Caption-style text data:
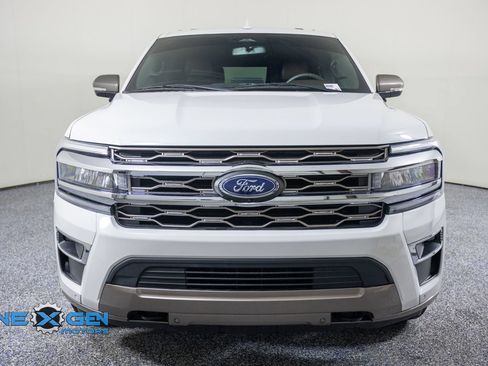 Used 2024 Ford Expedition Max King Ranch AWD/4WD image 2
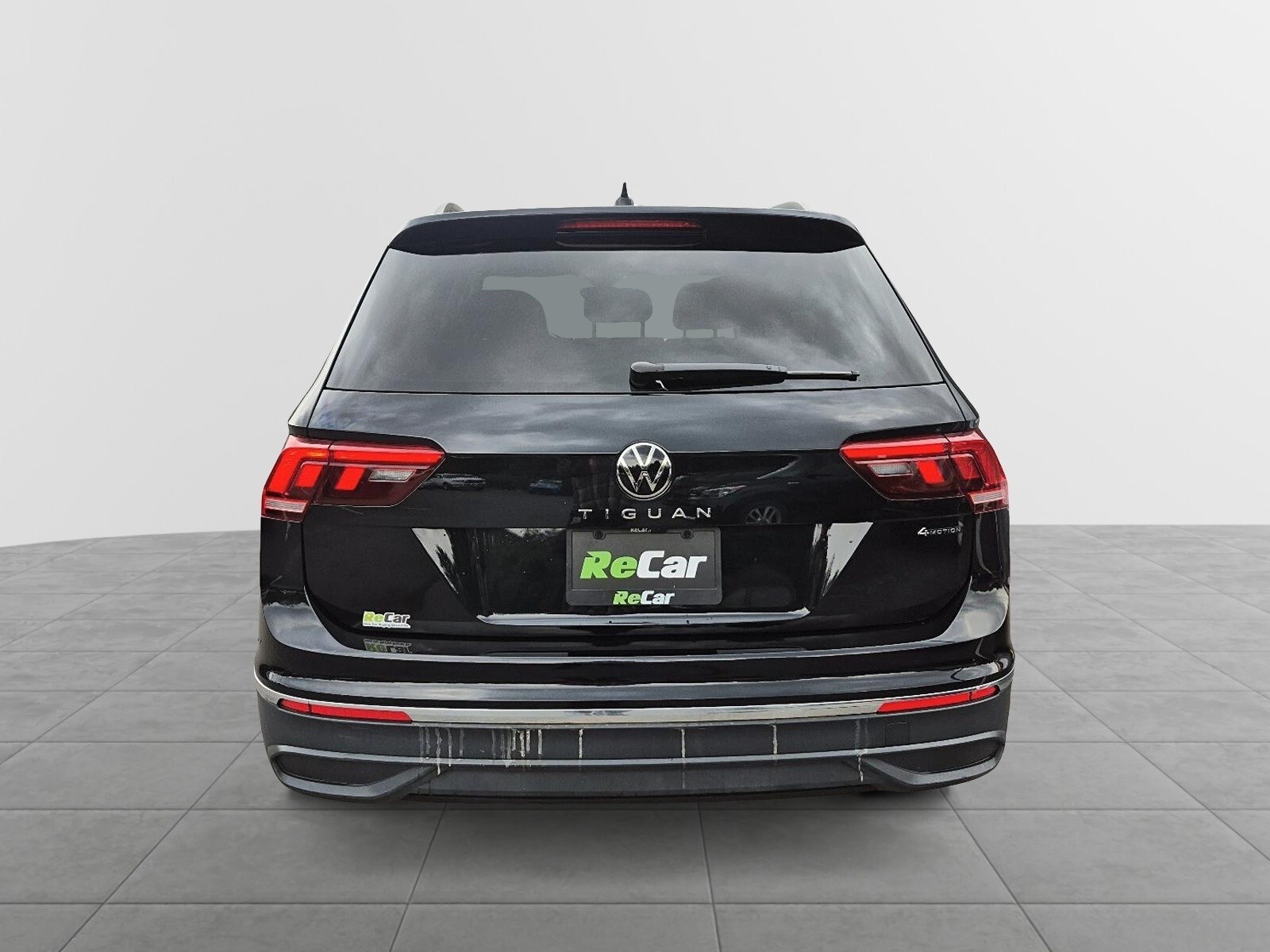 Volkswagen Tiguan 2024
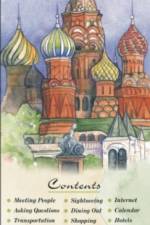RUSSIAN a language map af Kristine Kershul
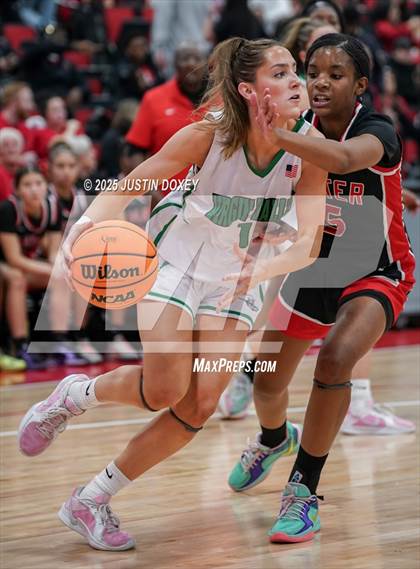 Thumbnail 2 in Mater Academy East Las Vegas vs. Virgin Valley (NIAA Class 3A State Championship) photogallery.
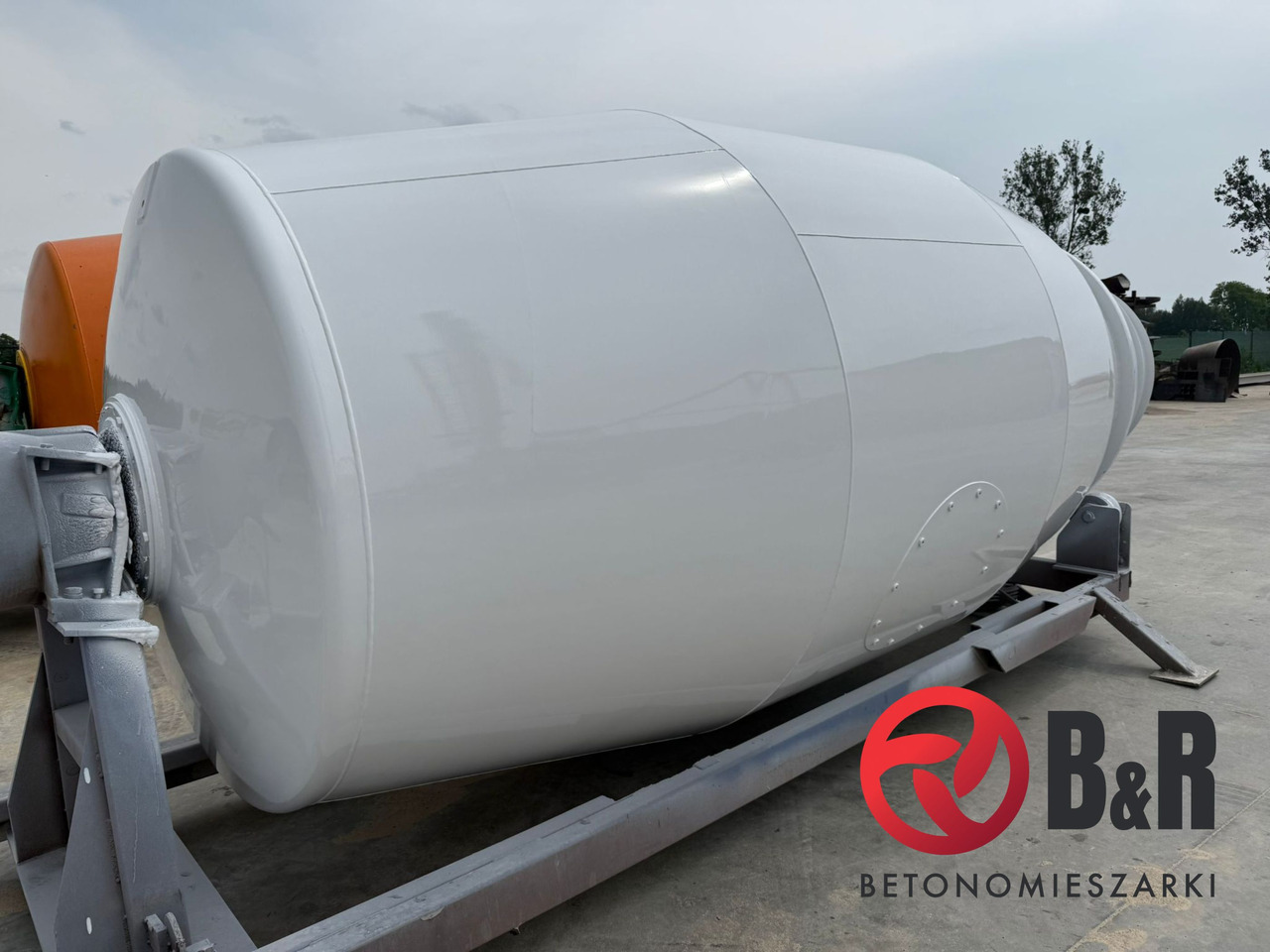 DRUM FOR CONCRETE MIXER LIEBHERR STETTER CIFA INTERMIX - حلة خرسانة: صور 5 DRUM FOR CONCRETE MIXER LIEBHERR STETTER CIFA INTERMIX - حلة خرسانة: صور 5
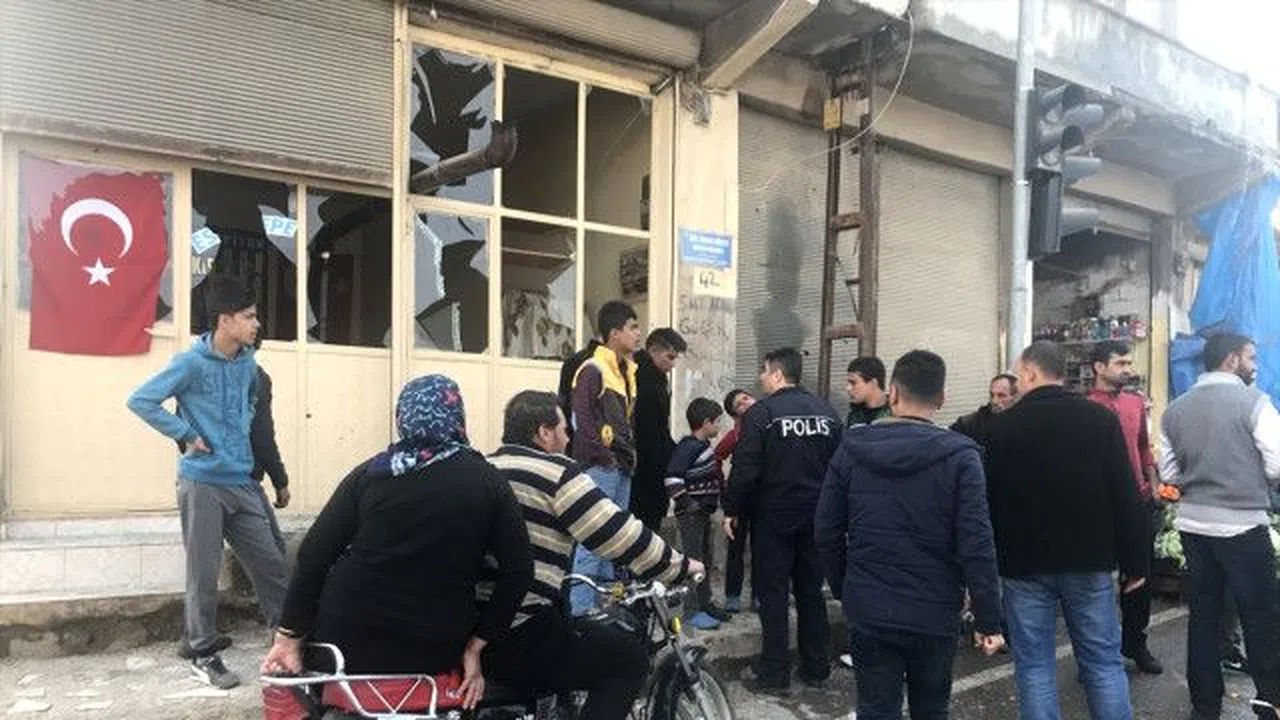 Kilis ve Reyhanlı'da 2 kişi hayatını kaybetti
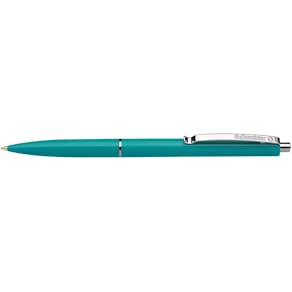 Balpen Schneider K15, medium, groen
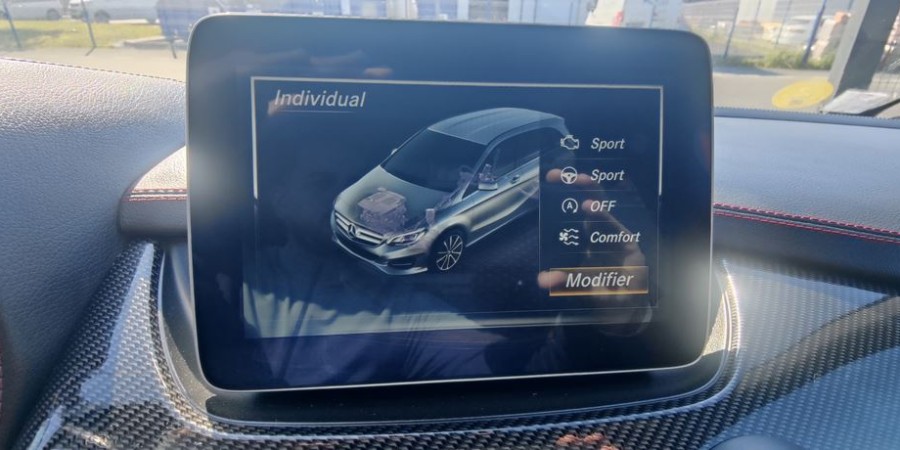 Mercedes Classe B 200 D / FASCINATION 2.2CDI 136CH 7G-DCT PACK AMG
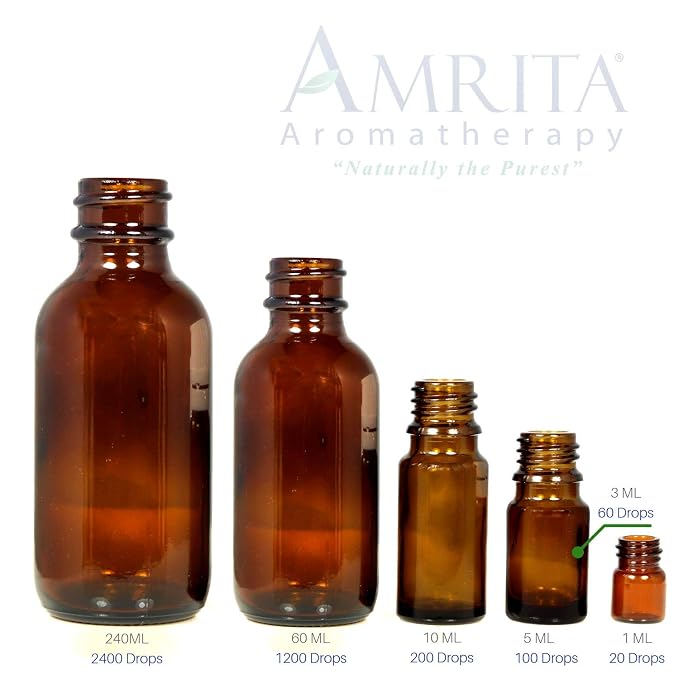 Amrita Aromatherapy Organic Orange Sweet Essential Oil, 100% Pure Undiluted Citrus sinensis, Therapeutic Grade, Premium Quality Aromatherapy Oil, Tested & Verified, 10ML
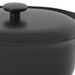 Image 5 of Ron 11" Cast Iron Covered Dutch Oven 5.5Qt, Black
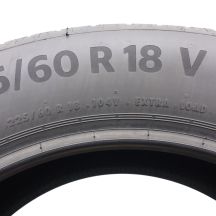 3. 2 x CONTINENTAL 225/60 R18 104V XL EcoContact 6 Lato 2022 Jak Nowe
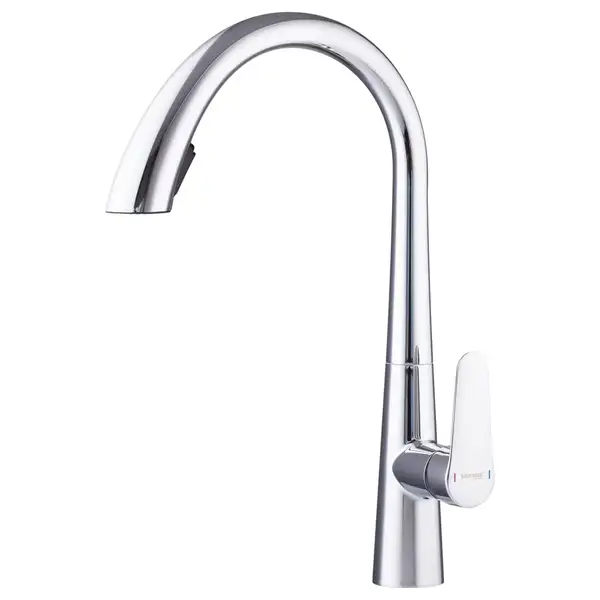 Mixxus Premium Warta 014 Смеситель для кухни, хром (MI6956)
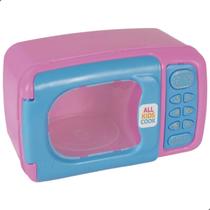 Forno Micro-ondas Kids Brinquedo Infantil Zucatoys Forno Micro-ondas Kids Brinquedo Infantil Zucatoys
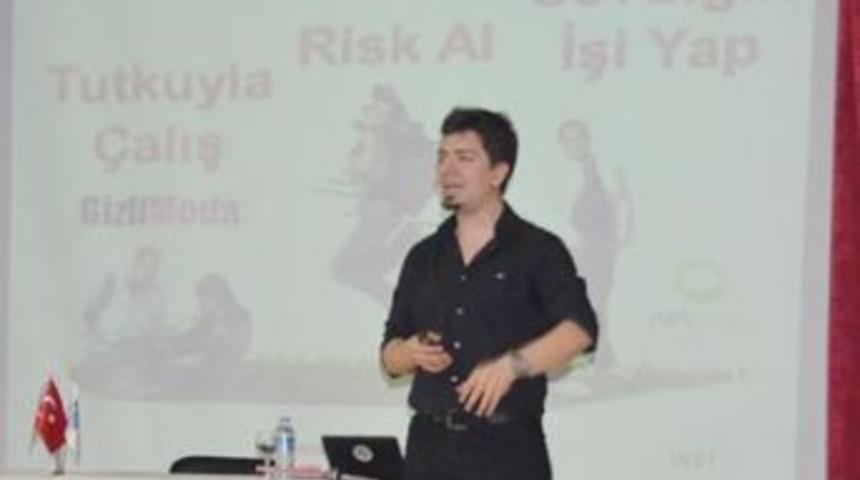 20 yaşında patron olmanın sırrı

> **What you have to do**
Above are the records. Copy exactly, and only, the lines from the line containing "3. 2 x CONTINENTAL" through the last one, omitting any pictures.

> **Answer box**
 3. 2 x CONTINENTAL 225/60 R18 104V XL EcoContact 6 Lato 2022 Jak Nowe
 Mixxus Premium Warta 014 Смеситель для кухни, хром (MI6956)
 Forno Micro-ondas Kids Brinquedo Infantil Zucatoys Forno Micro-ondas Kids Brinquedo Infantil Zucatoys
 20 yaşında patron olmanın sırrı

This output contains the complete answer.